# Overclocking e6850- RAM advice needed



## Winkler777 (Sep 21, 2008)

Hi all,
I'm planning on overclocking my e6850 in the next few weeks. 
I'm just not sure what RAM requirements I should meet.
I'm currently running 4GB of some old 667mhz value RAM and so i'll need to upgrade to 4GB of 800mhz or 1066mhz.
Will I have any advantage on choosing 1066mhz RAM over 800mhz or would I be wasting money by choosing the more expensive option?

If you need any more info let me know
Thanks in advance


----------



## Winkler777 (Sep 21, 2008)

Just to give you some more info

I'm currently looking at 2 sets of RAM

The 1st set is the Crucial Ballistix Tracer 2x2GB kit (800mhz, 4,4,4,12)

The 2nd set is the Patriot Viper Eased Latency 2x2GB kit (1066mhz, 5,5,5,15)

I'm hoping to hit the big 4Ghz or get close to it. Is this possible only with the 2nd option?

Cpu is currently at 3Ghz with fsb at 1333mhz


----------



## Underclocker (Aug 13, 2007)

Does your motherboard support 1066MHz RAM? I would recommend you get the fastest memory your board supports.
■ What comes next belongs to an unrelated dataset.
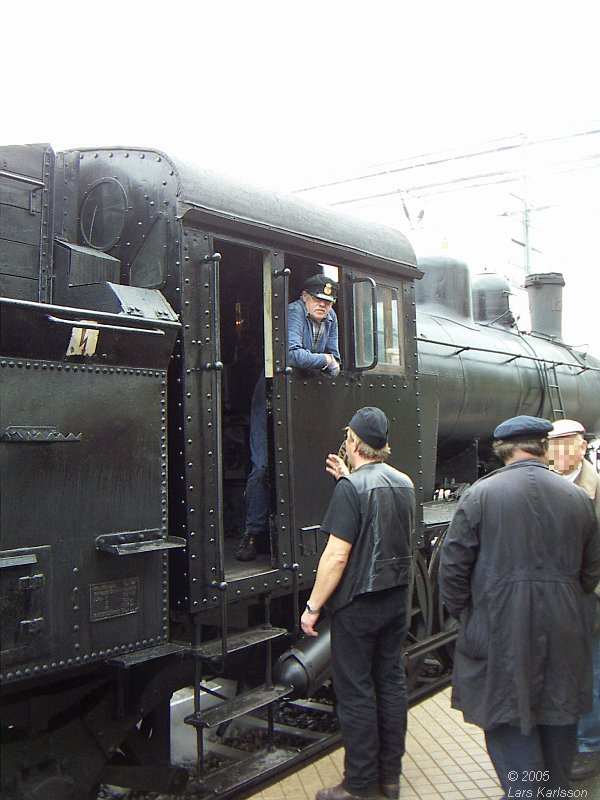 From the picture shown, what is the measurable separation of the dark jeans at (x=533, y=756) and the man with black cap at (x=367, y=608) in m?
0.70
If it can only handle 800MHz modules then the only advantage the 1066MHz ones have is that they will allow you to overclock the CPU without worrying about your memory holding you back.
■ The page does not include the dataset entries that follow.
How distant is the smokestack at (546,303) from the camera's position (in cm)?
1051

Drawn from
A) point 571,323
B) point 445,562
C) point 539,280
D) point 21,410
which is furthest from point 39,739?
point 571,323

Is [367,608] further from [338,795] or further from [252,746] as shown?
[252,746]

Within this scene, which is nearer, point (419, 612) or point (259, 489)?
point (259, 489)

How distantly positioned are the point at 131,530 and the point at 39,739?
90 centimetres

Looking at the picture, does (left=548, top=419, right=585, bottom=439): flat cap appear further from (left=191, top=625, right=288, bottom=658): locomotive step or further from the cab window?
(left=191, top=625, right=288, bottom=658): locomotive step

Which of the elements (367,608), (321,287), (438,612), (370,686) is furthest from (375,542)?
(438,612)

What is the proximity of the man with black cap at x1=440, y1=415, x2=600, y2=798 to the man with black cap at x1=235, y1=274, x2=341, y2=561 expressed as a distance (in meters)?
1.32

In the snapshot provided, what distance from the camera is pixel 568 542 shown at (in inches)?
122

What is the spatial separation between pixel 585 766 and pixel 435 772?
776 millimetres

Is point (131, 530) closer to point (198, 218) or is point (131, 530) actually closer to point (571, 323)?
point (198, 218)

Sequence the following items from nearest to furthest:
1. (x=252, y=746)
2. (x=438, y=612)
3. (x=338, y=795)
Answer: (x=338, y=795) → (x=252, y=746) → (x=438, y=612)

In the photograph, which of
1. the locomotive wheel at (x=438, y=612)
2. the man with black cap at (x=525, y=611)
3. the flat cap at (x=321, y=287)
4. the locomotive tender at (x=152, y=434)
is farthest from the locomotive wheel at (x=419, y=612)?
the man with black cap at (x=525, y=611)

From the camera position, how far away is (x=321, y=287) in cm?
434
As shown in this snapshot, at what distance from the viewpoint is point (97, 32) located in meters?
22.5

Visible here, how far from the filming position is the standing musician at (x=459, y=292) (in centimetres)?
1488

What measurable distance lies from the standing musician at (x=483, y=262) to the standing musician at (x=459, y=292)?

I doubt you can hit 4GHz unless you have an extreme cooling solution, somewhere between 3.6~3.8GHz is more realistic on air.


----------



## Winkler777 (Sep 21, 2008)

Hi, thanks for your reply. 
I have the asus p5k motherboard.
I've just purchased 4GB of Crucial Ballistix Tracers 800mhz (2x2GB)
It's meant to be fairly good ram for overclocking.
Also anywhere between 3.6 and 3.8GHz would still be very nice to hit.
The cooler I've just bought is the thermaltake duOrb CPU cooler
I hope I've made a good choice in ram


----------